## Try it
Leave out every picture and set down, exactly, the lines below from the one holding "this 250×188 image." up to and including the one holding "this 1343×896 image.".

[Data extracted from a collection]
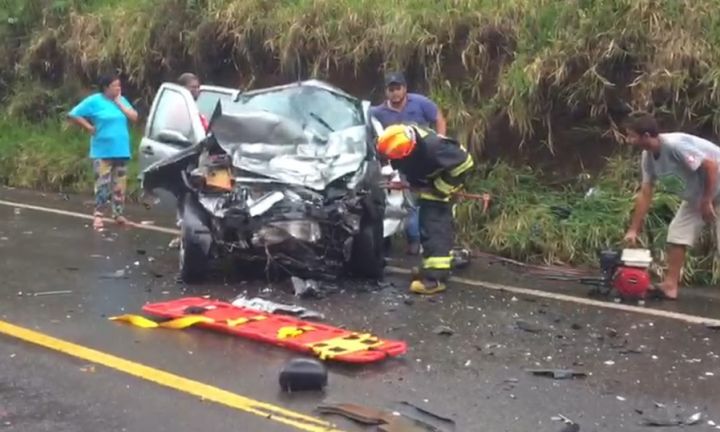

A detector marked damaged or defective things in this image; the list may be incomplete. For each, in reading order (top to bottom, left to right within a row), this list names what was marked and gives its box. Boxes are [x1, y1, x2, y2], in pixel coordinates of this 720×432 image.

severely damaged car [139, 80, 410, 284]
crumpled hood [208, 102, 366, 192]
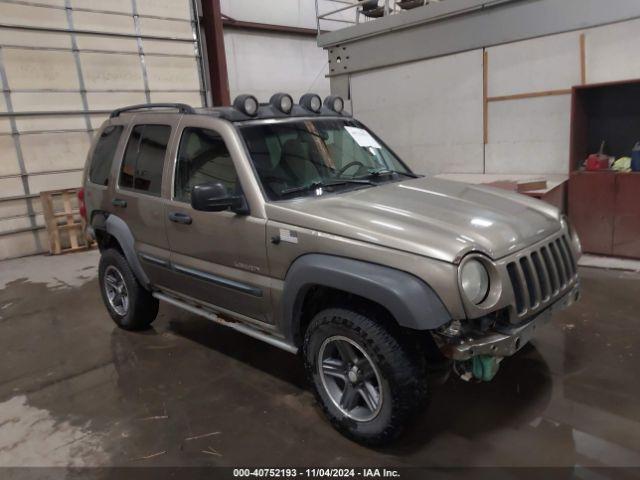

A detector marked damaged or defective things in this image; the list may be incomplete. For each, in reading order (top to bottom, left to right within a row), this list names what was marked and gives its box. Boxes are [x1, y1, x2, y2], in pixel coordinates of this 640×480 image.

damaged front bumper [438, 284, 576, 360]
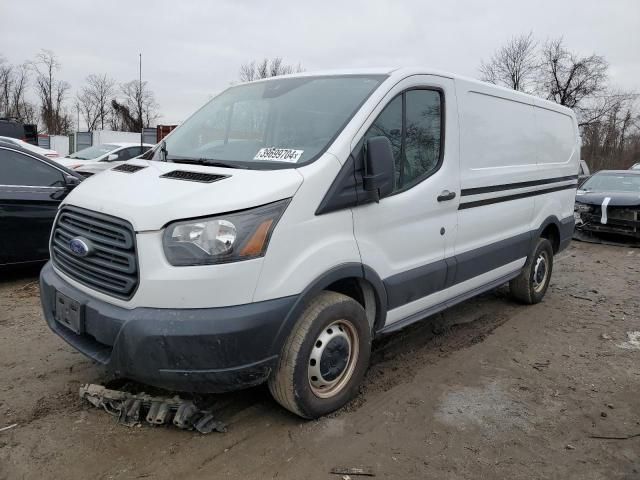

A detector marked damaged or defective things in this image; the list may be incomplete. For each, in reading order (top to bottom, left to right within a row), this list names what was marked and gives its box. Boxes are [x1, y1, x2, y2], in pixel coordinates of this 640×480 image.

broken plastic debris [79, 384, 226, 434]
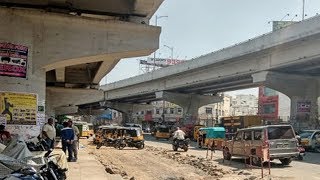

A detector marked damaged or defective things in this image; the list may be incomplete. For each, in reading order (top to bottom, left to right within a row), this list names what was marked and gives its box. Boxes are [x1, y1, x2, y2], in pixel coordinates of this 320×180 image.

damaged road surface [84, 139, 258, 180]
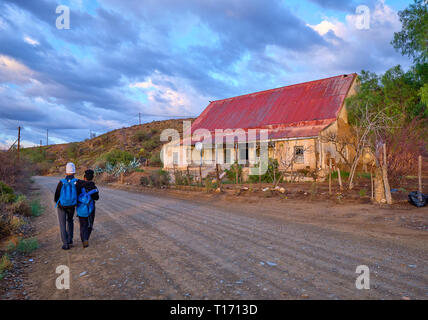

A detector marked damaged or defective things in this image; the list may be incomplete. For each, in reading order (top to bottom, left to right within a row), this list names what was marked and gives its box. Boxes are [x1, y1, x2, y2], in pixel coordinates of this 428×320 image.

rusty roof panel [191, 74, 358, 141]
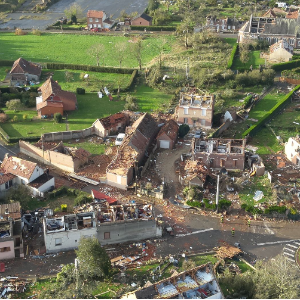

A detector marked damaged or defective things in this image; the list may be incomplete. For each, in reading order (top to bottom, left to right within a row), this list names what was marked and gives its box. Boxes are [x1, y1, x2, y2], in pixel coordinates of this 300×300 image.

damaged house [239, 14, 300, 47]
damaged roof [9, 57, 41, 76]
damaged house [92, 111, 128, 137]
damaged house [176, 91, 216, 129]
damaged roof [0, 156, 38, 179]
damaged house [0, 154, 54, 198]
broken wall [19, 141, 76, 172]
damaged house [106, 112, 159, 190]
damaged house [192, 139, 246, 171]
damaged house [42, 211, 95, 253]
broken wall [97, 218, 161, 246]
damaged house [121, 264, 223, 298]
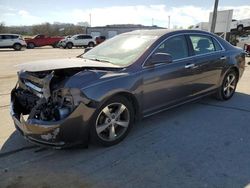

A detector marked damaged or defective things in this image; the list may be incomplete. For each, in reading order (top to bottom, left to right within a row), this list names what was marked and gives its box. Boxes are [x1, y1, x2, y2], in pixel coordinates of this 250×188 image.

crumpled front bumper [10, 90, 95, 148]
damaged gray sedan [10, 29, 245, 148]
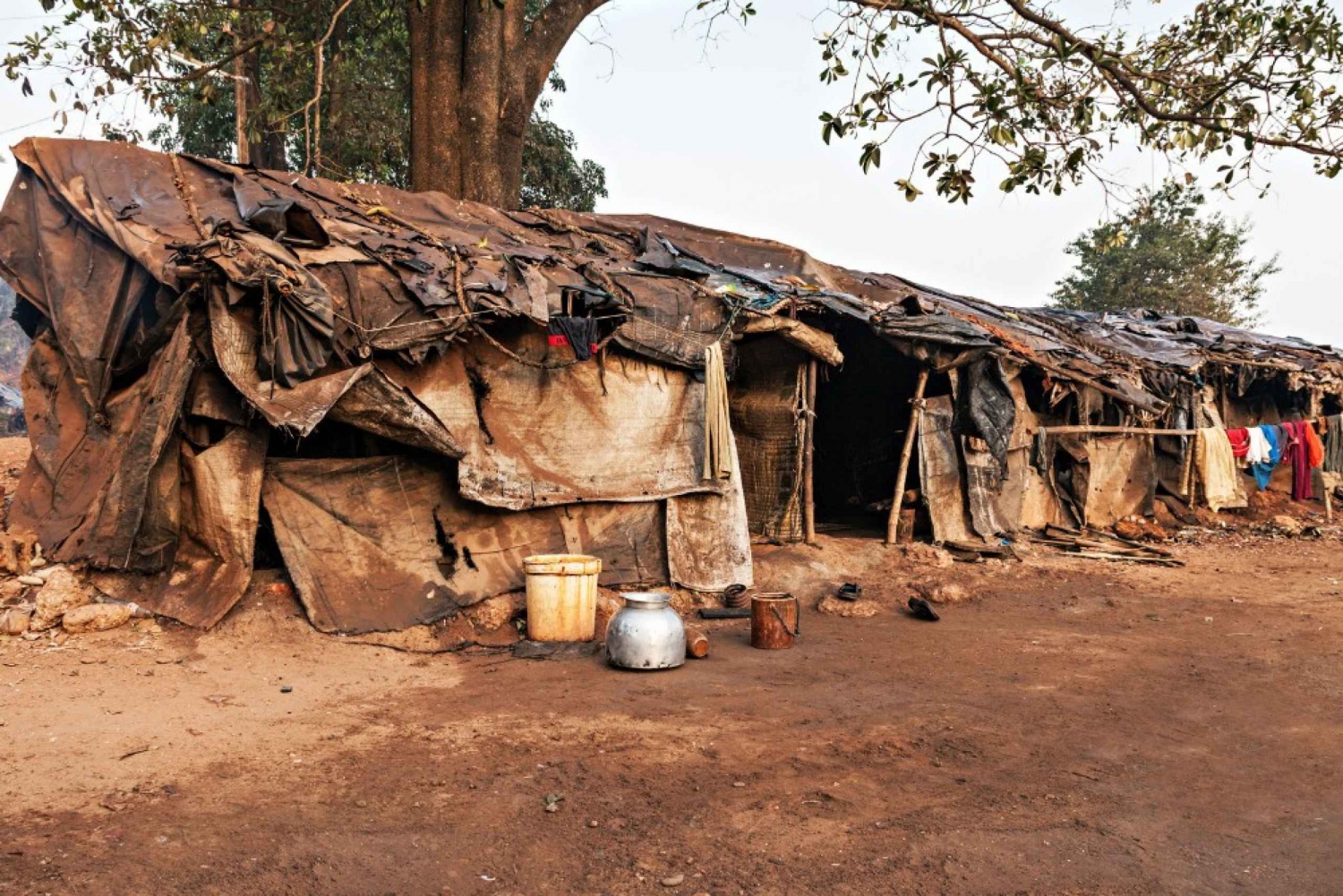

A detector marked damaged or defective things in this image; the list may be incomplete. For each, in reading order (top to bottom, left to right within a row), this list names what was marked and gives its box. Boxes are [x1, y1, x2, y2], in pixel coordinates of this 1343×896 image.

--

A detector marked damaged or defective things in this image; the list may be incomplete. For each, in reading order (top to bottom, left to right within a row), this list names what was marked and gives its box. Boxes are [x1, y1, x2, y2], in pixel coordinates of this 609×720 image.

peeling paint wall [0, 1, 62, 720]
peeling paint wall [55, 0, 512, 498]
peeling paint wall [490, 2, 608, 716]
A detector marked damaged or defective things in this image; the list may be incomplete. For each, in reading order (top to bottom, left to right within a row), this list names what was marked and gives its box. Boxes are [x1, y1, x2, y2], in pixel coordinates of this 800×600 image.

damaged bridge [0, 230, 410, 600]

--

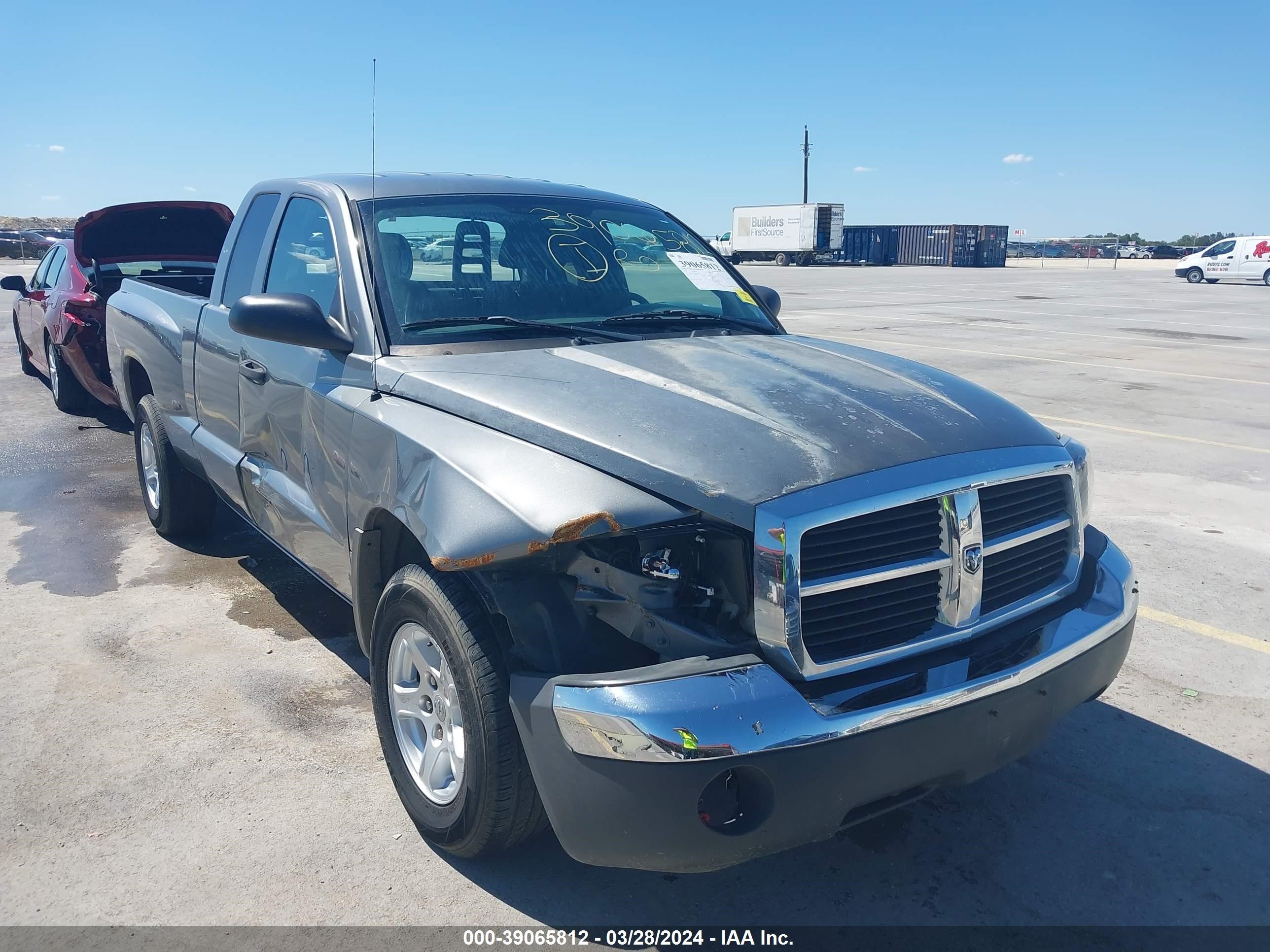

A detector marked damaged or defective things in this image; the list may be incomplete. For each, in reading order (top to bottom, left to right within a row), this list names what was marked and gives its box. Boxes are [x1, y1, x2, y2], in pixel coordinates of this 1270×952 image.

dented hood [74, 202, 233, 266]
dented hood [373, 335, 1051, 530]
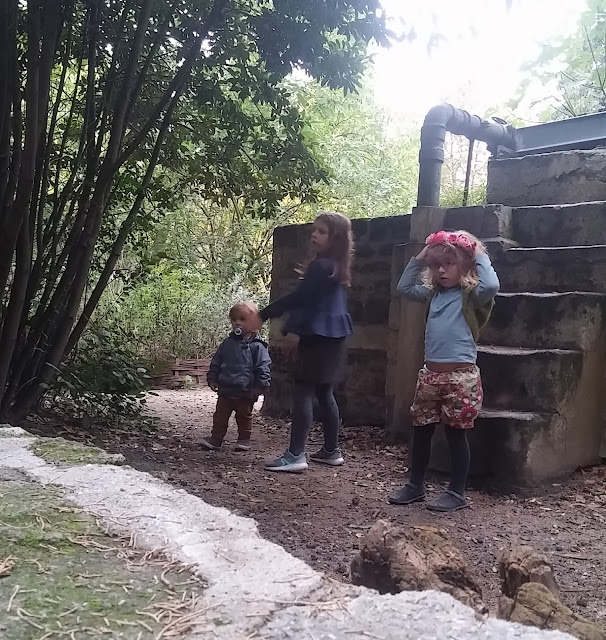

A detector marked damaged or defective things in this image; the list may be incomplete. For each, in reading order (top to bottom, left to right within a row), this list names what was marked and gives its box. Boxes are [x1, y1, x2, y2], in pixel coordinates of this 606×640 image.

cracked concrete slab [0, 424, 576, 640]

## Your solution
A detector marked damaged or defective things in this image; the list may be incomplete. For each, in reading order (top to bottom, left to right within a row), this list names what was marked and gives its box. Boxes are [x1, y1, x2, y2], in pixel coordinates of this 250×188 image.

crumpled front bumper [10, 90, 95, 148]
damaged gray sedan [10, 29, 245, 148]

A detector marked damaged or defective things in this image; the list may be incomplete. For each, in reading order (top to bottom, left to right within a row), this list names what was marked and gives its box. Boxes are [x1, y1, x2, y2], in pixel coordinates of this 1343×896 image.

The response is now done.